Entonces, ella miró preocupada a William.
– ¿Te ha costado una fortuna?
Se habría sentido muy culpable en tal caso, aun cuando en el fondo de su corazón pensara que habría valido la pena. Pero la verdad era que la había comprado por poco dinero. De hecho, los cuatro herederos se sintieron muy aliviados al librarse de ella, y ninguno de ellos se había mostrado particularmente ávido.
– La fortuna tendremos que gastarla cuando empecemos la restauración.
– Te prometo que yo misma haré todo el trabajo…, ¡todo! ¿Cuándo podemos regresar y empezar?
Saltaba alegremente sobre su regazo, como una niña, y él gemía de angustia y placer.
– Antes tenemos que regresar a Inglaterra. Tengo un par de asuntos que solucionar allí. No sé…, quizá podamos venir en febrero… ¿Qué te parece en marzo?
– ¿No podríamos venir antes? -preguntó como una niña pequeña y feliz en la mañana de Navidad, ante lo que él sonrió.
– Lo intentaremos. -Se sentía inmensamente complacido al ver lo mucho que le había gustado a ella. Ahora, él también estaba excitado y pensó que incluso resultaría divertido ayudarla en la restauración, si es que eso no los mataba a los dos-. Me alegro mucho que te haya gustado. En una o dos ocasiones dudé, creyendo que ya lo habías olvidado y que en realidad no lo querías. Y te aseguro que tu padre está convencido de que me he vuelto loco. En otra ocasión te mostraré algunos de los cables que me ha enviado. Ha llegado a decir que esta idea parece tan equivocada como la granja que tenías la intención de comprar en Long Island, y que ahora ya tiene claro que los dos no estamos en nuestros cabales y que, por lo tanto, nos complementamos a la perfección.

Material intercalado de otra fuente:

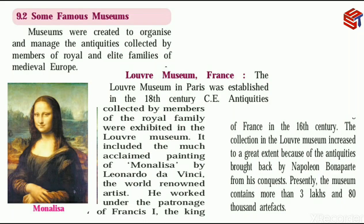Welcome to the second part of the chapter Heritage Management. In this part we will discuss about some famous museums. Museums were created so that old things are stored and exhibited when people visit, so that they can know about history — what happened in old days, what kings used and how they were dressed.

Ella se echó a reír al pensar de nuevo en la mansión y luego observó a William con una mirada maliciosa cuyo significado él no tardó en comprender.
– Yo también tengo algo para ti… No quería decirte nada hasta que regresáramos a Inglaterra y estuviera totalmente segura, pero ahora creo que es posible que…, que vayamos a tener un hijo.
Le miró tímidamente, aunque complacida al mismo tiempo y él se quedó mirándola durante un rato, mudo de asombro.
– ¿Tan pronto? ¿Lo dices en serio, Sarah? -preguntó al fin, incrédulo.
– Creo que estoy embarazada. Tuvo que haber sucedido en nuestra noche de bodas. Estaré segura del todo dentro de unas pocas semanas.
Pero, en rigor, ya había reconocido las primeras señales. Esta vez se había dado cuenta por sí sola.
– Sarah, cariño, ¡eres realmente extraordinaria!
Y así, en una sola noche, acababan de adquirir un château en Francia y de formar una familia, aunque el niño apenas había sido concebido y el château estuviera medio en ruinas desde hacía casi un siglo, a pesar de lo cual ambos se sintieron tremendamente orgullosos.
Se quedaron en París, y esos días pasearon al borde del Sena, hicieron el amor y cenaron tranquilamente en pequeños bistros hasta poco después del Año Nuevo. Luego, regresaron a Londres para ser el duque y la duquesa de Whitfield.